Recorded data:

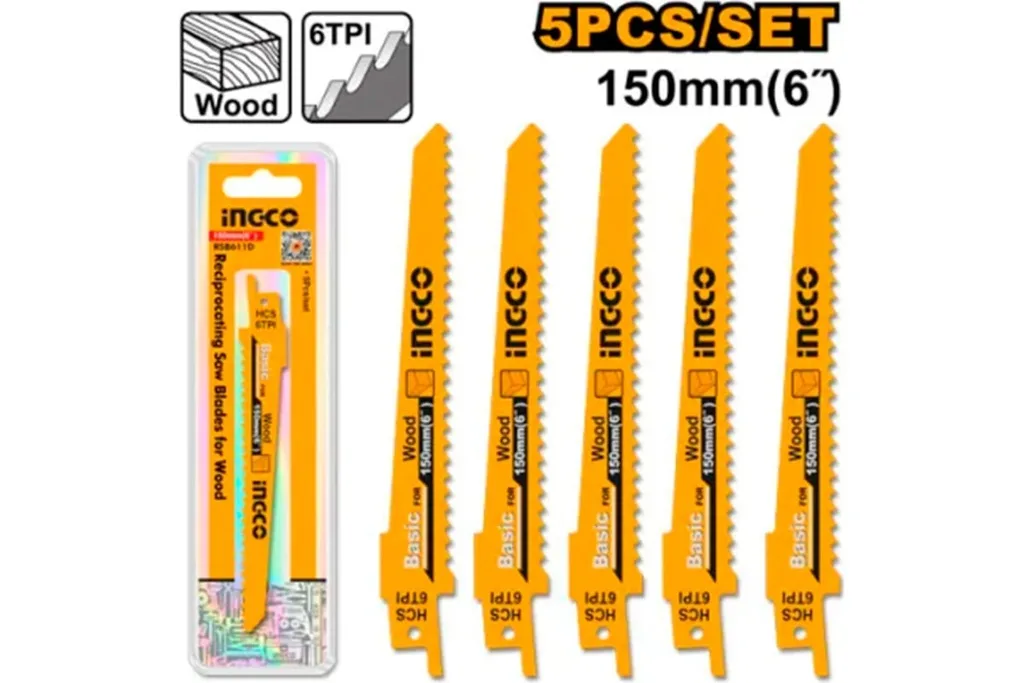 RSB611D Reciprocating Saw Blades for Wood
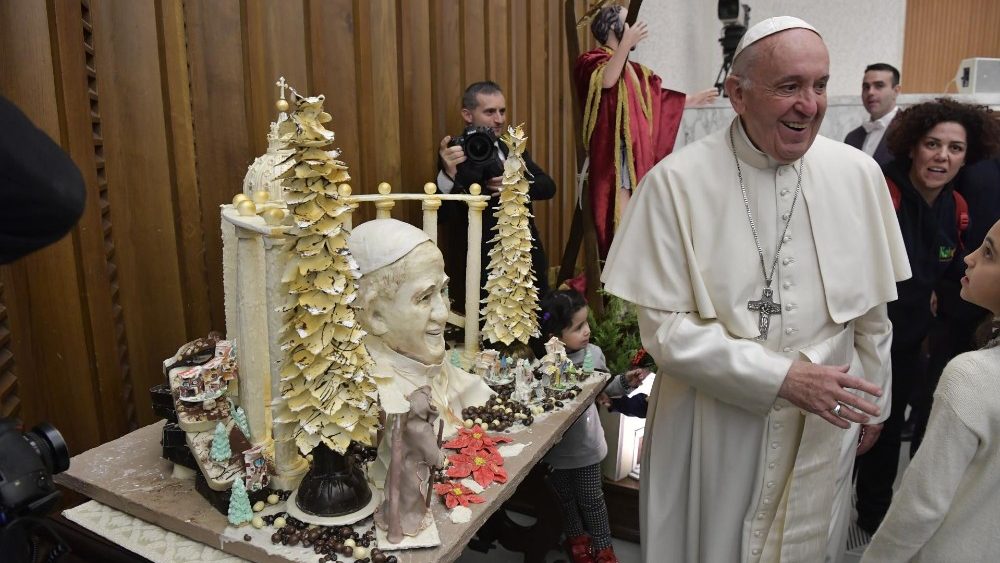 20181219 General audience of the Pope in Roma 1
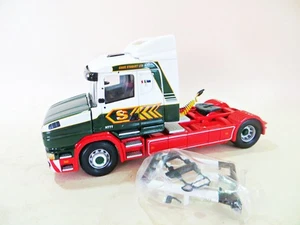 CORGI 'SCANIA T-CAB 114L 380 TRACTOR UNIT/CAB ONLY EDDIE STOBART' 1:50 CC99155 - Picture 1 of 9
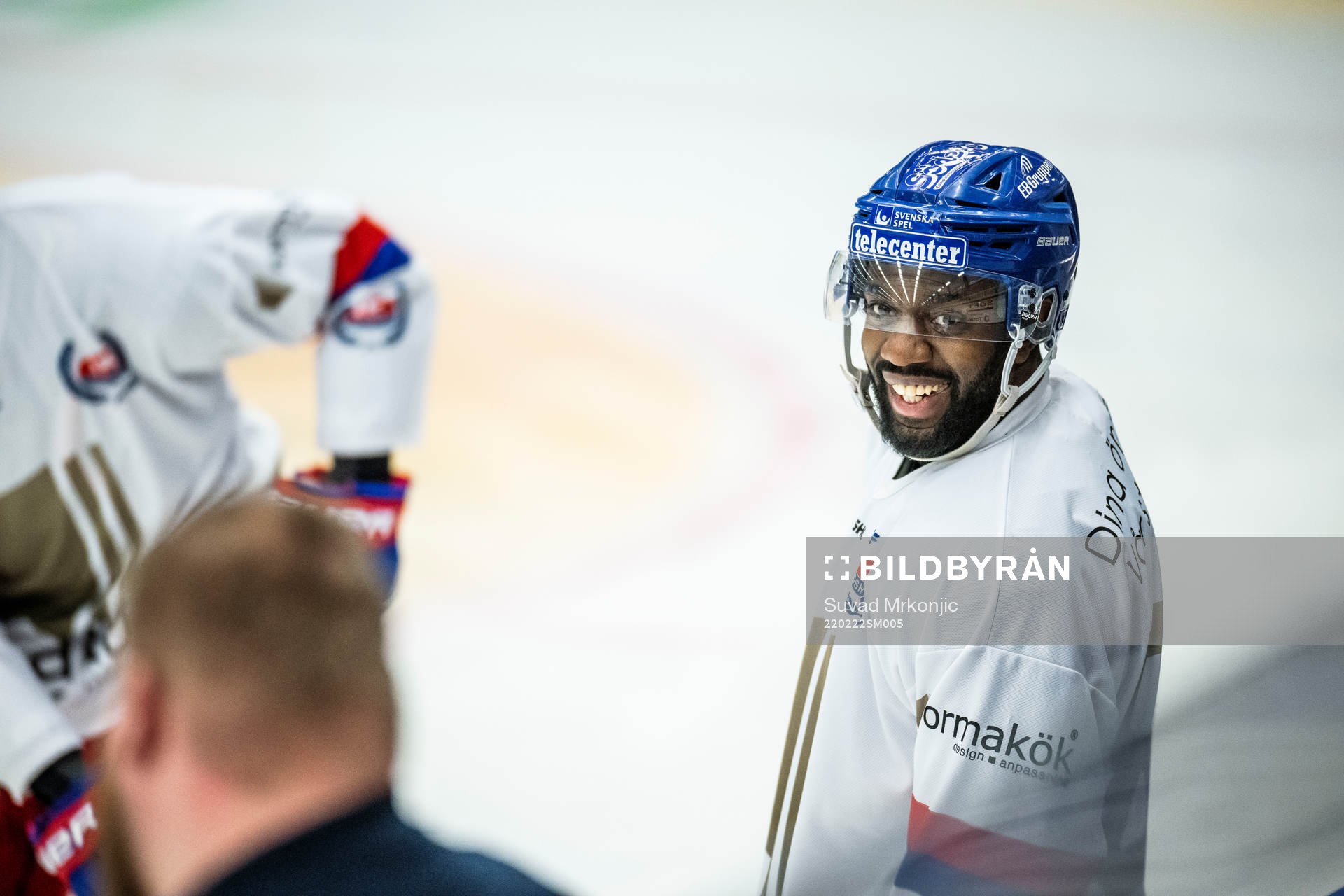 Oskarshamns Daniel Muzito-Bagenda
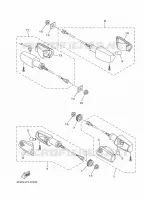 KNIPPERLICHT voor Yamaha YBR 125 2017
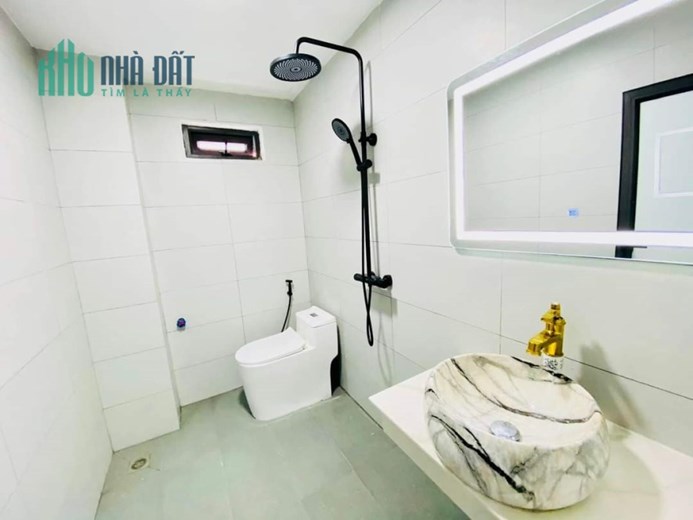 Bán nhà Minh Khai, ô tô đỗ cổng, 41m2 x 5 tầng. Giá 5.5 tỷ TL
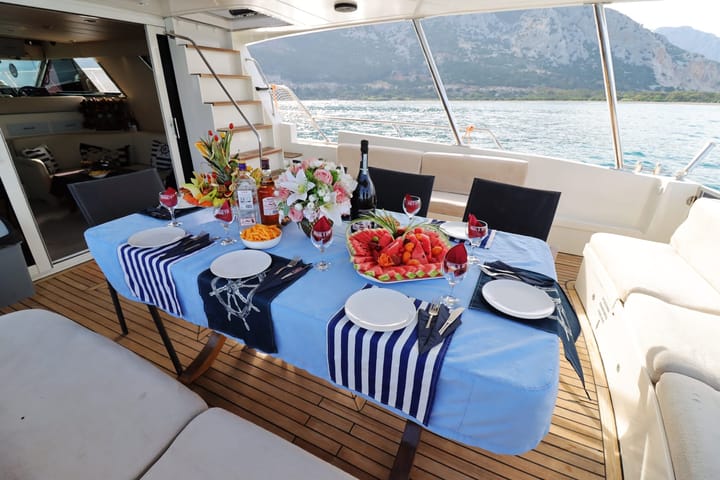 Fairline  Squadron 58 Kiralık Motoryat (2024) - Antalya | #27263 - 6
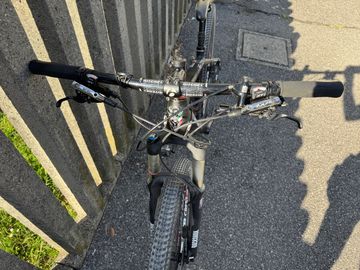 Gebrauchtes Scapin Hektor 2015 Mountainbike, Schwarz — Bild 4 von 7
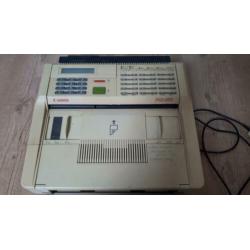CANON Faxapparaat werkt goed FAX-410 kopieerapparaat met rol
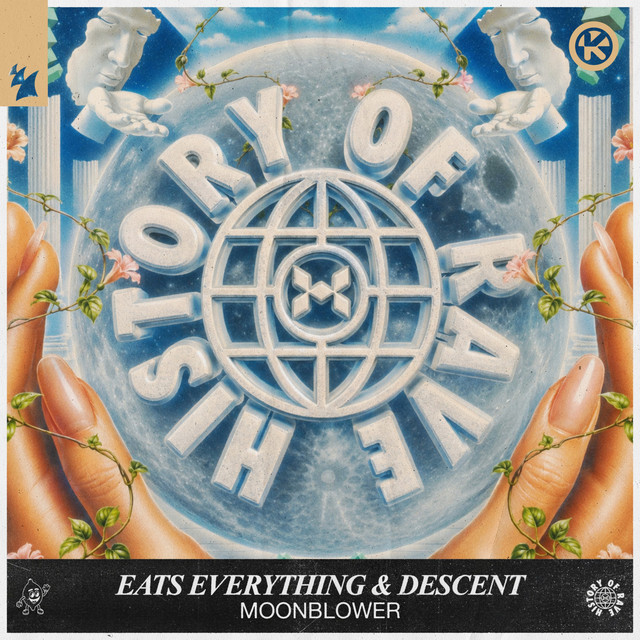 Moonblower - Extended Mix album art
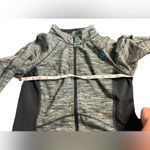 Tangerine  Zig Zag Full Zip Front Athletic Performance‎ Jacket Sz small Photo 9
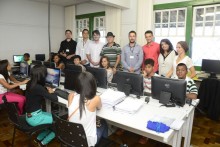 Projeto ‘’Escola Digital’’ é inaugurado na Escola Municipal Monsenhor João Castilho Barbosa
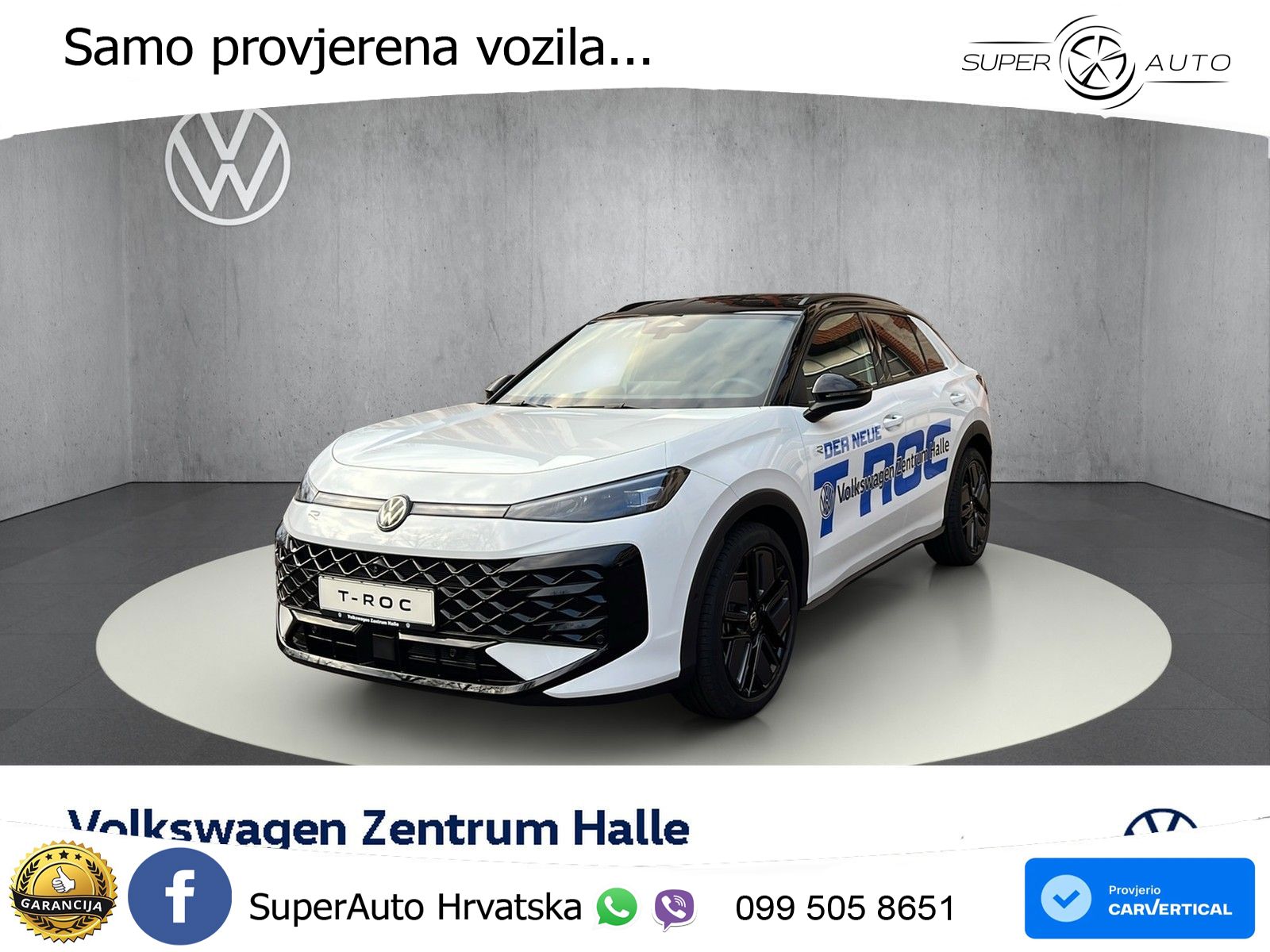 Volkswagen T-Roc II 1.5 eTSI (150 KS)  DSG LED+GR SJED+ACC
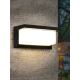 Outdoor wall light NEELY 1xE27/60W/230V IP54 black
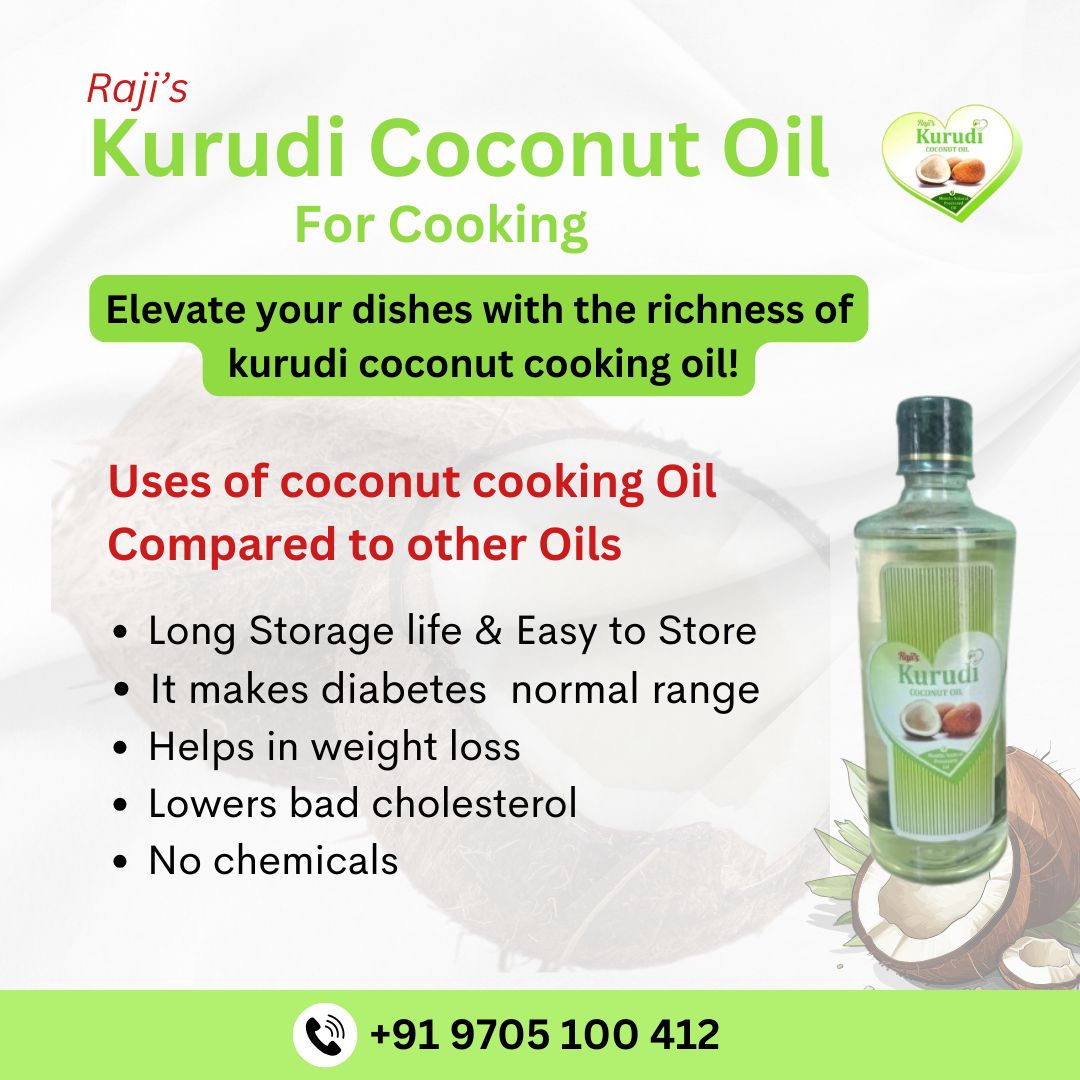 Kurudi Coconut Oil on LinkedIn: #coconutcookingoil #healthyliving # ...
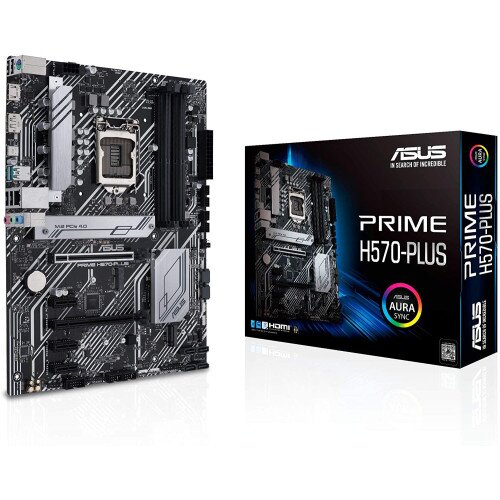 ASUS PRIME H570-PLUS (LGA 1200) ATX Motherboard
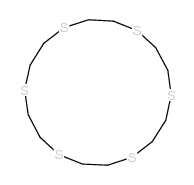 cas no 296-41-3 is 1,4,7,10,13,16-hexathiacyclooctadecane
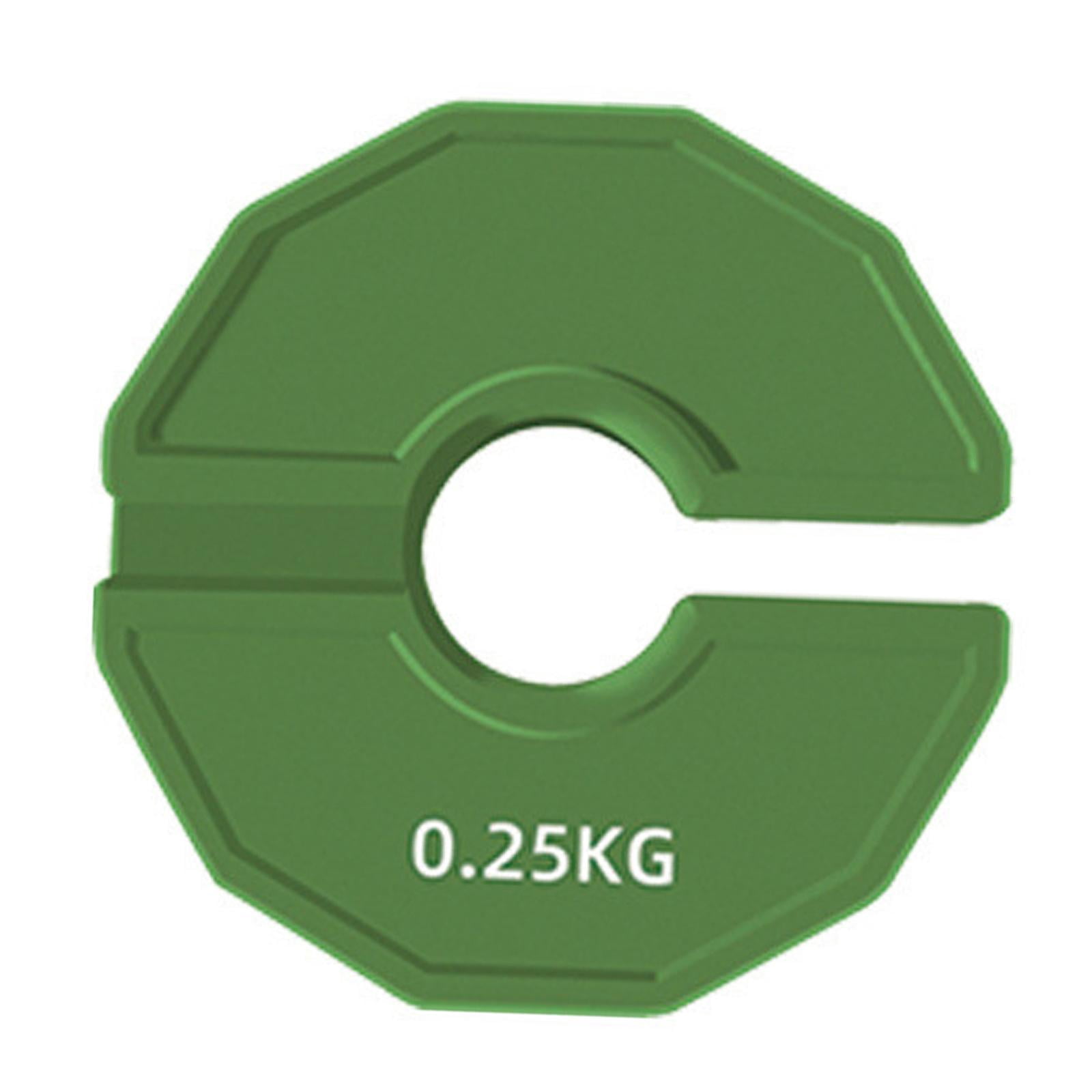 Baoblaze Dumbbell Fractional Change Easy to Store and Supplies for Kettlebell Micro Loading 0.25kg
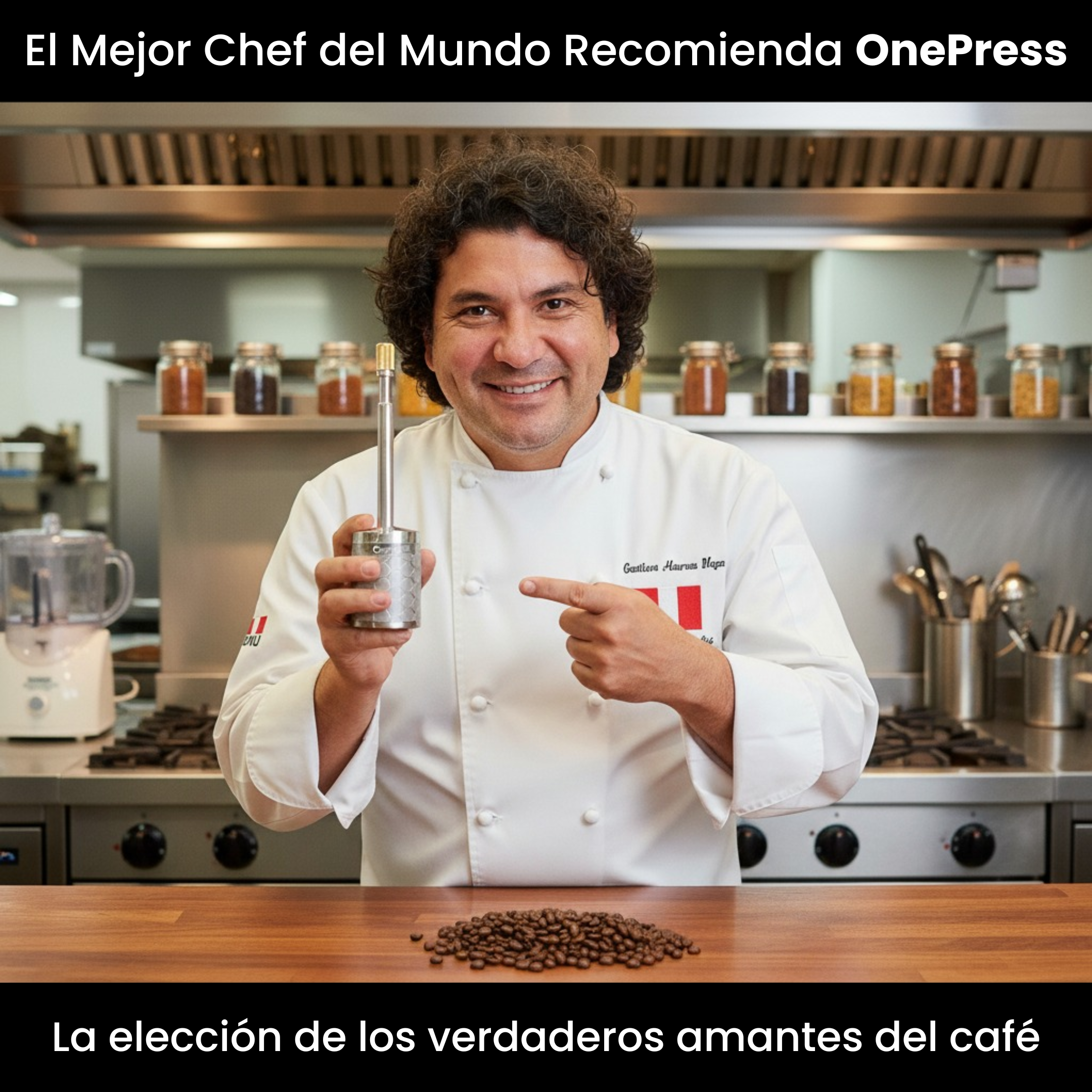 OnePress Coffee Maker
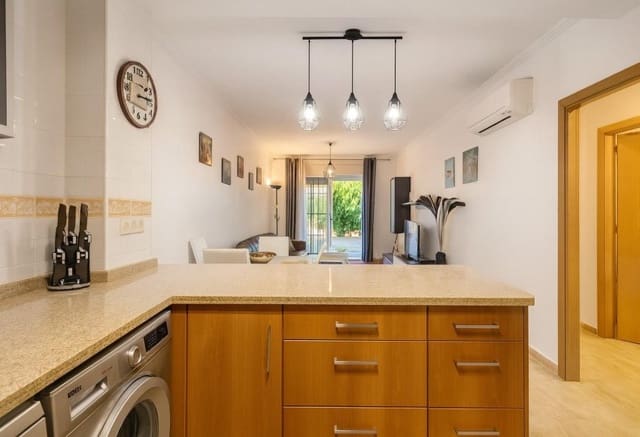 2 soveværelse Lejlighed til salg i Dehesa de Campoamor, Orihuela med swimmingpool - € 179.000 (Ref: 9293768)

TASK STATEMENT:
Here the job is to print all the data exactly, skipping any image.

RESULT OF THE EXERCISE:
 RSB611D Reciprocating Saw Blades for Wood
 20181219 General audience of the Pope in Roma 1
 CORGI 'SCANIA T-CAB 114L 380 TRACTOR UNIT/CAB ONLY EDDIE STOBART' 1:50 CC99155 - Picture 1 of 9
 Oskarshamns Daniel Muzito-Bagenda
 KNIPPERLICHT voor Yamaha YBR 125 2017
 Bán nhà Minh Khai, ô tô đỗ cổng, 41m2 x 5 tầng. Giá 5.5 tỷ TL
 Fairline  Squadron 58 Kiralık Motoryat (2024) - Antalya | #27263 - 6
 Gebrauchtes Scapin Hektor 2015 Mountainbike, Schwarz — Bild 4 von 7
CANON Faxapparaat werkt goed FAX-410 kopieerapparaat met rol
 Moonblower - Extended Mix album art
 Tangerine  Zig Zag Full Zip Front Athletic Performance‎ Jacket Sz small Photo 9
 Projeto ‘’Escola Digital’’ é inaugurado na Escola Municipal Monsenhor João Castilho Barbosa
 Volkswagen T-Roc II 1.5 eTSI (150 KS)  DSG LED+GR SJED+ACC
 Outdoor wall light NEELY 1xE27/60W/230V IP54 black
 Kurudi Coconut Oil on LinkedIn: #coconutcookingoil #healthyliving # ...
 ASUS PRIME H570-PLUS (LGA 1200) ATX Motherboard
 cas no 296-41-3 is 1,4,7,10,13,16-hexathiacyclooctadecane
 Baoblaze Dumbbell Fractional Change Easy to Store and Supplies for Kettlebell Micro Loading 0.25kg
 OnePress Coffee Maker
 2 soveværelse Lejlighed til salg i Dehesa de Campoamor, Orihuela med swimmingpool - € 179.000 (Ref: 9293768)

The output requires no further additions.